-
Notifications
You must be signed in to change notification settings - Fork 79
Description
Sas7bcat labels with special characters are not correctly translated into UTF-8.
As an example coming from this R-Haven issue, when reading the file "formats.sas7bcat" coming from here, I get labels like "modalit\xe9 \xe01", which are not valid UTF8 but are valid windows-1252 or latin1. The thing is that readstat correctly sets the file.encoding to windows-1252, so that string should be already valid UTF-8 when my function readstat_value_label_handler gets it. This happens in pyreadstat, in R-Haven and debugging readstat with gdb. An user found a similar issue in pyreadstat for another file of his.
Looking at readstat_sas7bcat_read.c, in the function sas7bcat_parse_value_labels, it seems to me that the variable label never gets converted. I inserted the following after line 91 and cures the problem:
const char *label = &lbp2[10]; // this is line 91
//added! 20181011
char *label2[label_len];
retval = readstat_convert(label2, sizeof(label2),
label, label_len, ctx->converter);
if (retval != READSTAT_OK)
goto cleanup;
As my understanding of readstat and iconv is still low (hope to improve it!) I am not sure if this is the proper solution, and therefore I did not dare to send a PR, but I can do after your suggestions.

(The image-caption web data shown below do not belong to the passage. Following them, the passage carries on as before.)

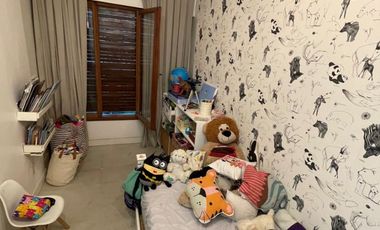 Casa en Remedios de Escalada.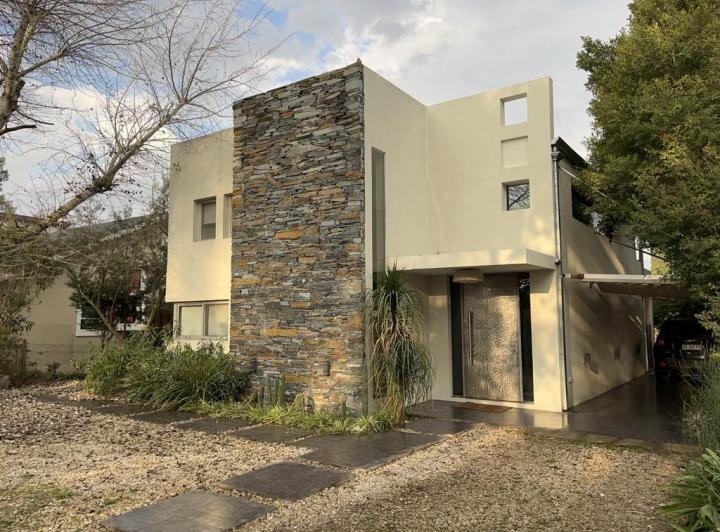 Casa · 180m² · 5 Ambientes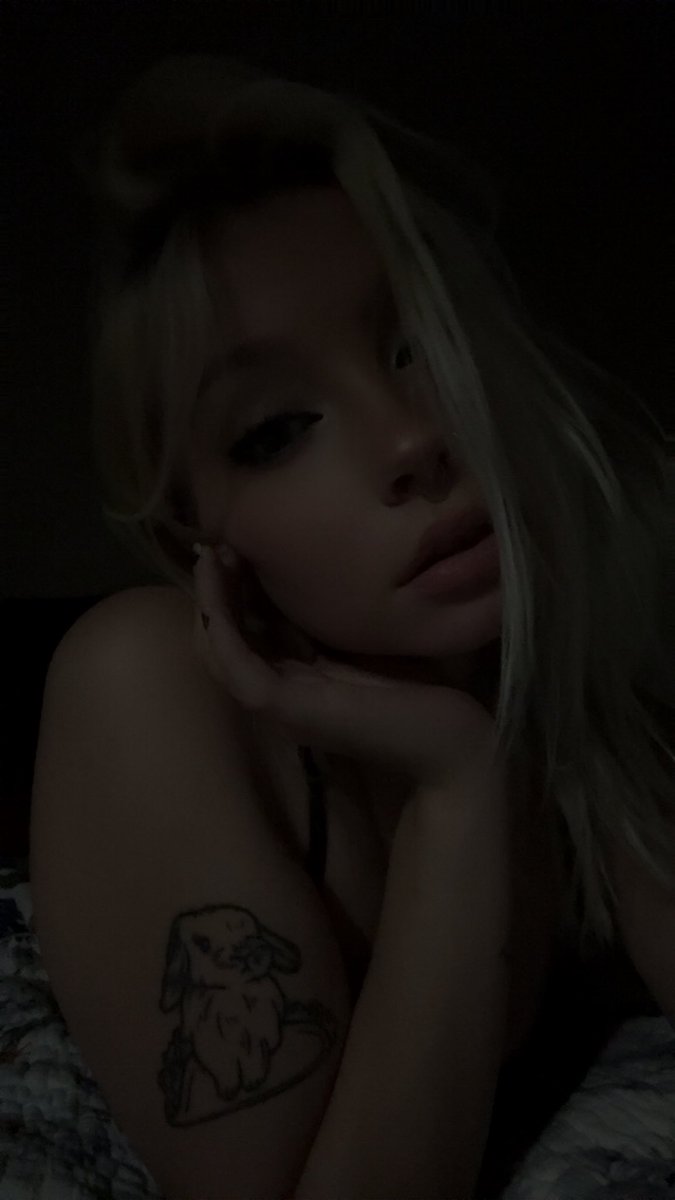 bxaaby's tweet photo. Didn’t know where else to post these https://t.co/pe3GyocXlj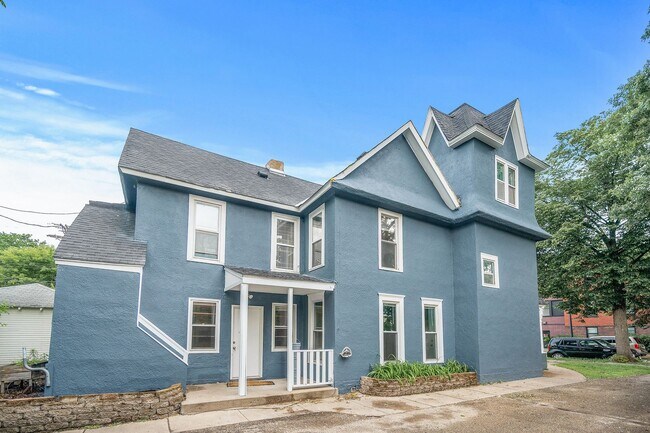 Building Photo - 3BR/1 Bath Lower Level Duplex in Northeast...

Another smaller, but still confusing thing is that if I set the encoding manually with readstat_set_file_character_encoding, to let's say something like LATIN1, and later I want to recover the file encoding with readstat_get_file_encoding, I still get WINDOWS-1252. The reason for this I think is because in readstat_sas7bcat_read.c line 371:
.file_encoding = hinfo->encoding
should be:
.file_encoding = ctx->input_encoding
as it is in readstat_sas7bdat_read.c line 594, to reflect that the user set the encoding manually.